Some of the most popular and familiar spices include the following:
- Cayenne Pepper
- Chili Pepper
- Coriander Seeds
- Bay Leaves
- Marjoram Leaves
- Curry Powder
Lesser Known Spices
Lesser known spices (that may be difficult to find in the United States) that are used for cooking include the following:
- Scotch Bonnet
Marinades and Rubs
Haitian spices used for cooking are often used in combination with other ingredients to produce great tasting marinades and rubs for meat. Mix the herbs together with other ingredients such as:
- Black Pepper
- Brown Sugar
- Garlic Powder
- Ground Cloves
Herbs as Preservatives
It is important to note that certain herbs have properties that can help to preserve meat before it is cooked. This would be helpful in countries like Haiti where the weather is always warm.
- Peppers contain capsaicin, an antimicrobial
- Ginger contains gingerol, an antimicrobial
- Cinnamon contains eugenol, an antimicrobial and preservative
- Garlic contains allicin and eugenol, both of which are antimicrobial
- Cloves contain eugenol
- Basil contains eugenol
Haitian spices are grown for medicinal purposes as well. Many individuals who reside in Haiti treat themselves for minor ailments. There is only approximately one doctor for every 4,000 people in Haiti. Those who live there and treat people with herbs and Haitian spices are known as leaf healers. The following are just a few of the plants grown for medicinal purposes:
- Aloe Vera: Use the leaves of the plant to treat cuts, burns and sunburn.

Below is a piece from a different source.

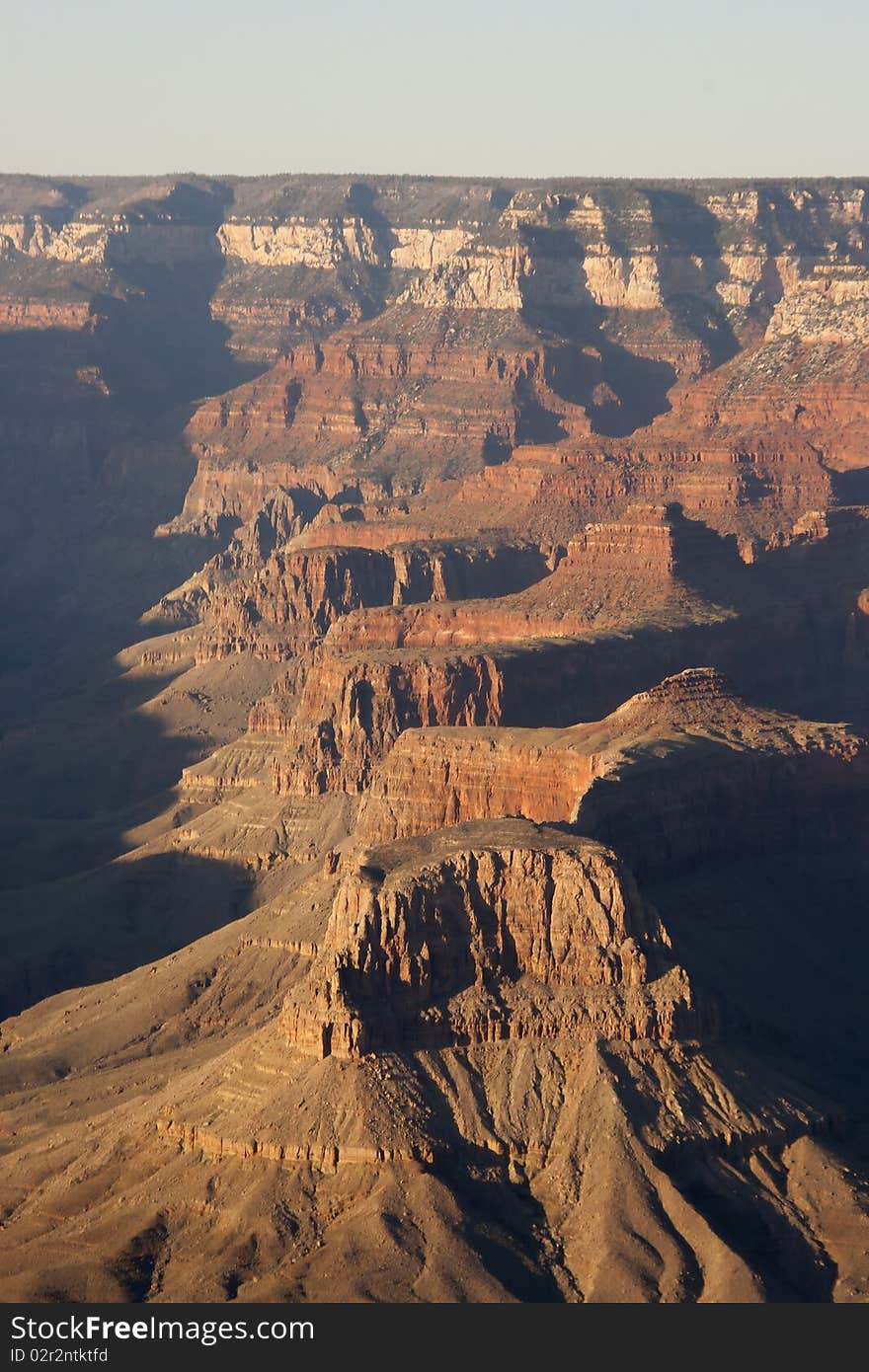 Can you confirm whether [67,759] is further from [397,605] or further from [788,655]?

- Catnip or catmint: Make a tea from the leaves of the plant, which has several uses including treating arthritis, digestive upsets and colic.
- Cinnamon: Use the ground up bark to treat diarrhea and vomiting.
- Eucalyptus: Make an extract from the leaves to treat coughs, the flu and joint pain.
- Peppermint, spearmint, lemonmint and horsemint: Healers use these herbs to calm a queasy stomach and to aid in digestion.
- Quassia or bitterroot: Use the bark of this tree to create a tonic that has several health properties, being an anti-fungal and anti-bacterial agent.
- Red sage: Use this herb to thin the blood and also increase menstrual flow.
- Sarsaparilla: Use the tea made from the sarsaparilla root to treat several skin ailments and arthritis.
- Senna: Make a tea of the plant and to use as a laxative.
- Thyme: Use this Haitian spice is in a tea to treat skin disorders or as a diuretic.
- Verbena: Use this herb as a painkiller during child birth.
Disruption in Growth
Unfortunately, many herbs and spices that can be grown in Haiti have not been produced in a sufficient amount to be exported to other countries. Natural events have occurred that have devastated the agricultural areas of Haiti, which have not sufficiently recovered to begin production again.
Haiti is frequently the target of many tropical storms making landfall. Memorable storms have hit Haiti in 2004, 2005 and 2008, as well as the more recent Tropical Storm Isaac. Each of these storms has impacted the spice production. Flooding that occurs during the storms may damage the spice crops output.
The earthquake that shook Haiti in 2010 has also had an impact on the spice trade. Rebuilding is still continuing, which means fewer resources are available to cultivate and grow the spice crop. The spices are grown in smaller amounts on individual farms and primarily used by the locals.
Enjoy the Spice of Life
Haitian spices can lend a world of flavor to the food you eat, as well as a secondary resource for your medicine cabinet. While the spices direct from Haiti are in high demand, they are available for use in limited quantities. Try using some of these exotic and beneficial spices in your home and bring the spice of Haiti to your life.